[Start of section]

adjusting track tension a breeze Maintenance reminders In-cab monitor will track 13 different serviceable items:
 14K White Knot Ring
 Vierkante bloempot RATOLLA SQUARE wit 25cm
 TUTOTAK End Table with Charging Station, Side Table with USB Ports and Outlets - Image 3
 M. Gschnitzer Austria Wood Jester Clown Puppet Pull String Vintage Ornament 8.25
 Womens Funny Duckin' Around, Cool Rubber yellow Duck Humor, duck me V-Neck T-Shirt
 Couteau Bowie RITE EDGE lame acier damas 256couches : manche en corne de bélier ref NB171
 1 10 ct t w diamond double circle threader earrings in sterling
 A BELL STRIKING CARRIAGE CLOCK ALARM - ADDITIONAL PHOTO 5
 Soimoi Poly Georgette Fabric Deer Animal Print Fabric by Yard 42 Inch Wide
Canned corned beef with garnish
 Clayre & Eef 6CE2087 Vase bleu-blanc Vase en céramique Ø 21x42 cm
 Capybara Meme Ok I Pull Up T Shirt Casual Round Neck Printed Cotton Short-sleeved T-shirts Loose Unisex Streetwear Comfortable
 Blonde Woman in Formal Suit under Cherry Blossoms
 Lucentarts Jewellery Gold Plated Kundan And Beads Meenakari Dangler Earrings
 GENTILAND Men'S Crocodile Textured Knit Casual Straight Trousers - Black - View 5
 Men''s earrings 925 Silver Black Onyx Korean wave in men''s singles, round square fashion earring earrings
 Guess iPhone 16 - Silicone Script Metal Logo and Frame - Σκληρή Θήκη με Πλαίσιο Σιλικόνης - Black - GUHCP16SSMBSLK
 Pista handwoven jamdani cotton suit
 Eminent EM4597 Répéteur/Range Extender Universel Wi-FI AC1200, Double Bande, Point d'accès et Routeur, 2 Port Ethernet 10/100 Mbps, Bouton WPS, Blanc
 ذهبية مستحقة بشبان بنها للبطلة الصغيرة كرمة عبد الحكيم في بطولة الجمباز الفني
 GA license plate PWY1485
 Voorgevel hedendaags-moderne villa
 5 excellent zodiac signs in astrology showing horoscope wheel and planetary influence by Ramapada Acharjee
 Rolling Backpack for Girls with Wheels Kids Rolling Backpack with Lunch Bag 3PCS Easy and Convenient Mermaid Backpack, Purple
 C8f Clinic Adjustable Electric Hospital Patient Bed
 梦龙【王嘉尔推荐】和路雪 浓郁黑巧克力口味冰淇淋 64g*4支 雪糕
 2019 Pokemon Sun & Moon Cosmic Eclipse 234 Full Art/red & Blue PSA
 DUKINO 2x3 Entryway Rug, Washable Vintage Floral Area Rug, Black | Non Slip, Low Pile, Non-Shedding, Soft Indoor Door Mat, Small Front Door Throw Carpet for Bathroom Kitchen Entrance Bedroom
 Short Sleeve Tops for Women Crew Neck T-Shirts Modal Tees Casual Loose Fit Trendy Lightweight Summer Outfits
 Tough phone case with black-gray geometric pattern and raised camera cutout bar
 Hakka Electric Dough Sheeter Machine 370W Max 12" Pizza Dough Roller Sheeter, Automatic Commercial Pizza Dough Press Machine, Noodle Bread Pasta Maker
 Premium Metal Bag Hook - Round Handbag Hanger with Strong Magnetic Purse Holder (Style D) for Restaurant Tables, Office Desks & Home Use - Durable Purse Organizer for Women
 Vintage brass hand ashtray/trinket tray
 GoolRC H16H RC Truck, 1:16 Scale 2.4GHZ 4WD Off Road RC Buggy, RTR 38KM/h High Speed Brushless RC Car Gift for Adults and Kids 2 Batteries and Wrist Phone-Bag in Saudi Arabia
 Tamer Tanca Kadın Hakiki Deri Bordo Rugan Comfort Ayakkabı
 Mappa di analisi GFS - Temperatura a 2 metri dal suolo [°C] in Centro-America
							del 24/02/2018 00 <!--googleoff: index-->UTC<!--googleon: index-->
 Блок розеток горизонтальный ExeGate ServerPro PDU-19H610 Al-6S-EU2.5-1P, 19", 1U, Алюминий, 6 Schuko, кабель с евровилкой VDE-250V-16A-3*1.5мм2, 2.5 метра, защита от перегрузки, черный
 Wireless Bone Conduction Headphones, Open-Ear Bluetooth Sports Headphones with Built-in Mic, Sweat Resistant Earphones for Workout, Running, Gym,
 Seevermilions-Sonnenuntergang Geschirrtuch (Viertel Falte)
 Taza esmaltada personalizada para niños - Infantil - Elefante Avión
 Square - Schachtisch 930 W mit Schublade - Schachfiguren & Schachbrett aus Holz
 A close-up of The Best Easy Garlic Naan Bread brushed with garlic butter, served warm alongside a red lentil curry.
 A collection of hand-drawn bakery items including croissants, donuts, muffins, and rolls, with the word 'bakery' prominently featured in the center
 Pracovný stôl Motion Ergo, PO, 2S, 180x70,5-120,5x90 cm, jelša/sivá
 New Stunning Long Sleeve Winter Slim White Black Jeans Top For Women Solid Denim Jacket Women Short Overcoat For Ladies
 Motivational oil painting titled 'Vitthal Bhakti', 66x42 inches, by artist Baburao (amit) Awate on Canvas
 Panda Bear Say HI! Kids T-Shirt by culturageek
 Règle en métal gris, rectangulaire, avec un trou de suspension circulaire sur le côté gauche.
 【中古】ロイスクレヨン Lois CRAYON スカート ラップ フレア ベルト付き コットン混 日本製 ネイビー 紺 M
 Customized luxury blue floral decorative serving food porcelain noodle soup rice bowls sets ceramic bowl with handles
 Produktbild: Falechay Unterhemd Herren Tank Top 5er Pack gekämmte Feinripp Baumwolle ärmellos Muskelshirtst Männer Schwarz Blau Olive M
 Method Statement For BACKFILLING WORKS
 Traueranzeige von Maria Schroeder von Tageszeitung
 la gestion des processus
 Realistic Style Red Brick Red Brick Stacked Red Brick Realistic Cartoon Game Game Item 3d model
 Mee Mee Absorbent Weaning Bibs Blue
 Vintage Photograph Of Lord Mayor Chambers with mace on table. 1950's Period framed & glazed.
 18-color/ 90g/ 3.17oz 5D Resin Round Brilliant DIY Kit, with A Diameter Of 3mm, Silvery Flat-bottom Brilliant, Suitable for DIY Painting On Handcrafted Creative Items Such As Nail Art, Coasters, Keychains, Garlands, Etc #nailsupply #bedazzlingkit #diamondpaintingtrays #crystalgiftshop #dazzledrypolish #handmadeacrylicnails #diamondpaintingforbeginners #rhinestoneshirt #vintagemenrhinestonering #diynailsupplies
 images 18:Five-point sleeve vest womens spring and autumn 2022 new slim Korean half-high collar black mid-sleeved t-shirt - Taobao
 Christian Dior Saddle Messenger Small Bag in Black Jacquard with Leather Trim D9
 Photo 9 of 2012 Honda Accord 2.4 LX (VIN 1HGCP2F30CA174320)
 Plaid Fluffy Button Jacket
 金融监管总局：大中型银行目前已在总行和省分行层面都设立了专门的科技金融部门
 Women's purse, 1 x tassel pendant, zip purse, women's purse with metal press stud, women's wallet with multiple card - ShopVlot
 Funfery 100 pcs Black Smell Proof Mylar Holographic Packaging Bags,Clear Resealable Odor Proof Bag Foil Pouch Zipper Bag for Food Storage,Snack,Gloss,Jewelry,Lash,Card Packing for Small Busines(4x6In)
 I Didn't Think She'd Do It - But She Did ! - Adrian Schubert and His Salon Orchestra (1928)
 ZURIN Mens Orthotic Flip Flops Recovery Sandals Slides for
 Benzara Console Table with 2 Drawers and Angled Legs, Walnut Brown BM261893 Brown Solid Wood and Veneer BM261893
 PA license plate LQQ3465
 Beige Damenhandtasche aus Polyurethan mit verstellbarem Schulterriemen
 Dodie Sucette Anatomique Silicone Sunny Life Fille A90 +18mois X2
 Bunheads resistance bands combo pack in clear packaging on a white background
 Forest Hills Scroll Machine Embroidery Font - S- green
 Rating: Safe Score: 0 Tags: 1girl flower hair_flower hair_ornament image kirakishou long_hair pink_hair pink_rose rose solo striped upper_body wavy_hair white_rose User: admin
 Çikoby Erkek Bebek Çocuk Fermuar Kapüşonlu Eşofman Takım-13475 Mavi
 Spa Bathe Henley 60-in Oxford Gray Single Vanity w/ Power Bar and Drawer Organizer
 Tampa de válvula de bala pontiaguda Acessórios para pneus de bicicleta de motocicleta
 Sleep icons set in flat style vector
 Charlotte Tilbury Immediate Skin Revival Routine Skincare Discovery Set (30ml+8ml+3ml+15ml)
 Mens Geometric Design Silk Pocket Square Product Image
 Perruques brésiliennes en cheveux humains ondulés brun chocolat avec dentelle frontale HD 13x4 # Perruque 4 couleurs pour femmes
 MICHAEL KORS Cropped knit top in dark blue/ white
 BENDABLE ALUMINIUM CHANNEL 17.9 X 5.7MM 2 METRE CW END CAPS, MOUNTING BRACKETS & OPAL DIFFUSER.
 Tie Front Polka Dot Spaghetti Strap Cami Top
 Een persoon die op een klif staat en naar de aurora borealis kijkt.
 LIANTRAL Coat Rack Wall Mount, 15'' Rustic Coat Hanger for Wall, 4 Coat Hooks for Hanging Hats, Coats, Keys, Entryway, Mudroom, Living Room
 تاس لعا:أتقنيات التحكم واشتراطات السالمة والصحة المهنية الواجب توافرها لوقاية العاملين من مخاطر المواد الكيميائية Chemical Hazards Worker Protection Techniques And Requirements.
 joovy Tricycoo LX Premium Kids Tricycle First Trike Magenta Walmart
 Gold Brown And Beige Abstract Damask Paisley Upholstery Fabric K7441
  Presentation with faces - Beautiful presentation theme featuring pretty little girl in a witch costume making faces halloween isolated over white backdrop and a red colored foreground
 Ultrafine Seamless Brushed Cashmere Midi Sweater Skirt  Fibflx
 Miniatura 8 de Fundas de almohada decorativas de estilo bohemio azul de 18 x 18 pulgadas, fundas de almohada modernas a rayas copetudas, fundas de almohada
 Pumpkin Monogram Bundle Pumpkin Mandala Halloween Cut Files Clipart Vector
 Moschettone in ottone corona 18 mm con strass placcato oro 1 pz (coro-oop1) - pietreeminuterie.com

[End of section]

# Task instructions
Print exactly the lines above from the one with "Men''s earrings 925" to the one with "Guess iPhone 16", including both.

# Solution for this task
 Men''s earrings 925 Silver Black Onyx Korean wave in men''s singles, round square fashion earring earrings
 Guess iPhone 16 - Silicone Script Metal Logo and Frame - Σκληρή Θήκη με Πλαίσιο Σιλικόνης - Black - GUHCP16SSMBSLK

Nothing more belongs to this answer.